**Your instructions:** Write out again, exactly, the lines below starting at the one with "330 SW 27th Rd, Miami, FL 33129" and ending at the one with "cobblestone hotel and suites de pere".

**Data under study:**
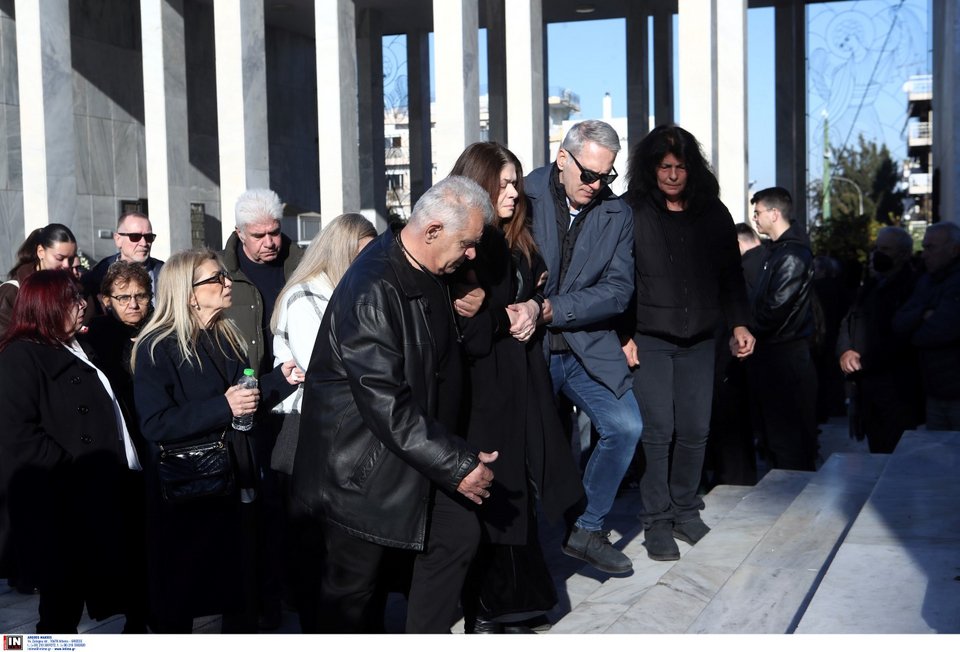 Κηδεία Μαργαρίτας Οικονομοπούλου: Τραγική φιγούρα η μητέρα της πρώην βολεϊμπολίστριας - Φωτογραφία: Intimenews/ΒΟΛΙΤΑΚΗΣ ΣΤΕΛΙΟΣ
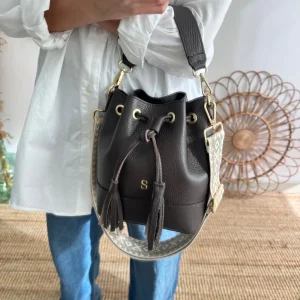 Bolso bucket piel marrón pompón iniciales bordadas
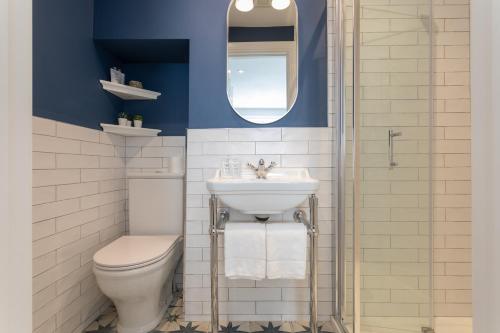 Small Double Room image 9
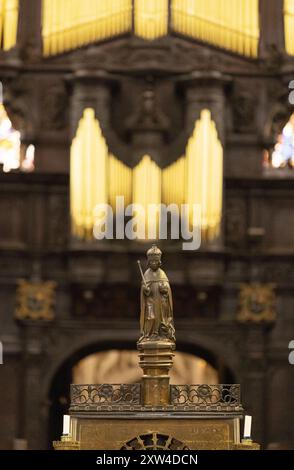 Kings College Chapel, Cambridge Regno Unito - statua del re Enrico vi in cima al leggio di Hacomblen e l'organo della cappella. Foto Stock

--

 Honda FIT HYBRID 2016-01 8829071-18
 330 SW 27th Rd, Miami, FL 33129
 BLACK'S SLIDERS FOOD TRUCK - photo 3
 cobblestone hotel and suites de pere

...

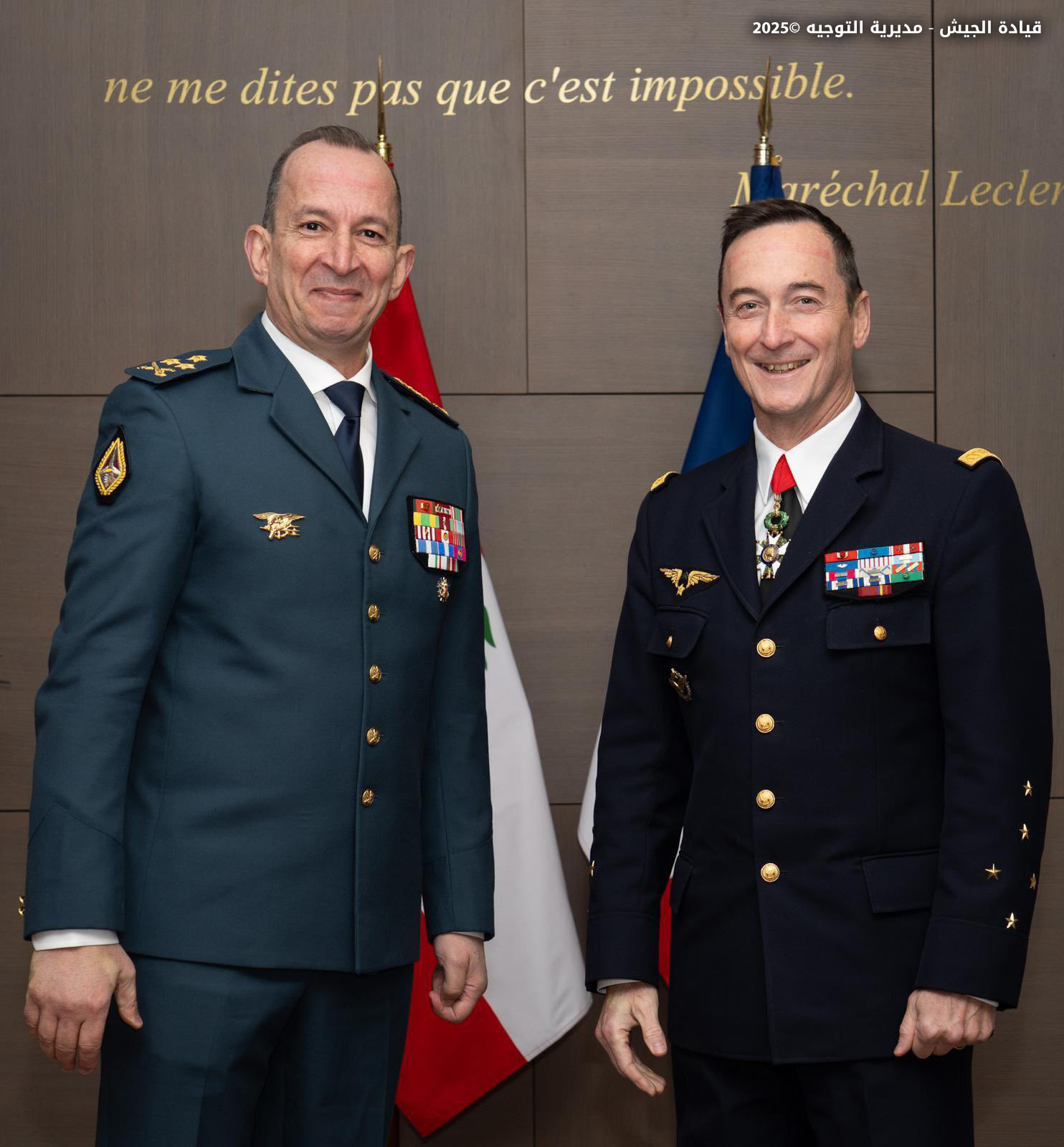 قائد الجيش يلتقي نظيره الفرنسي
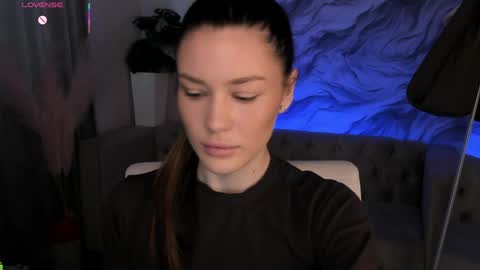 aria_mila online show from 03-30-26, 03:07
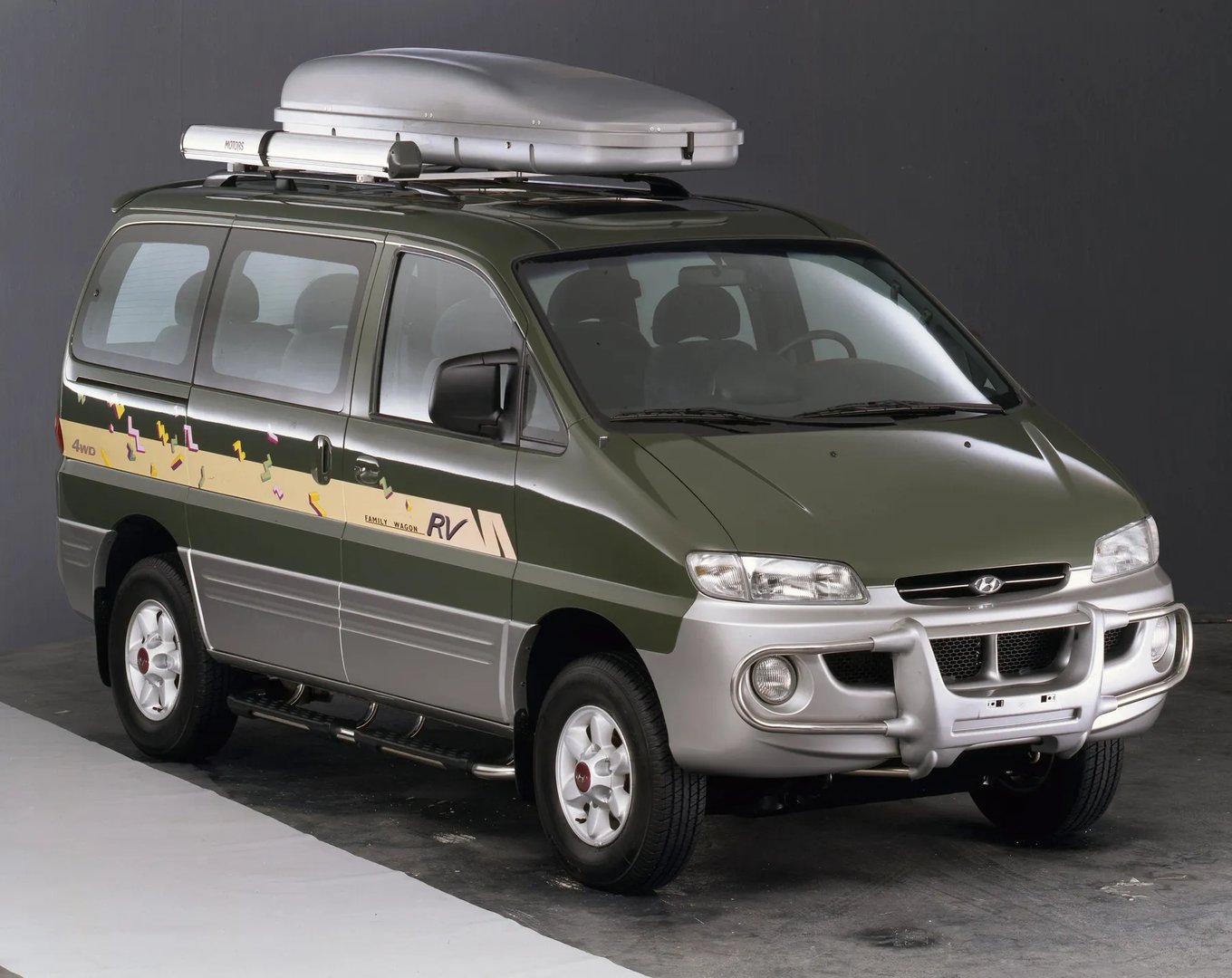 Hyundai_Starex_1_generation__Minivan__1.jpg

**Task answer:**
 330 SW 27th Rd, Miami, FL 33129
 BLACK'S SLIDERS FOOD TRUCK - photo 3
 cobblestone hotel and suites de pere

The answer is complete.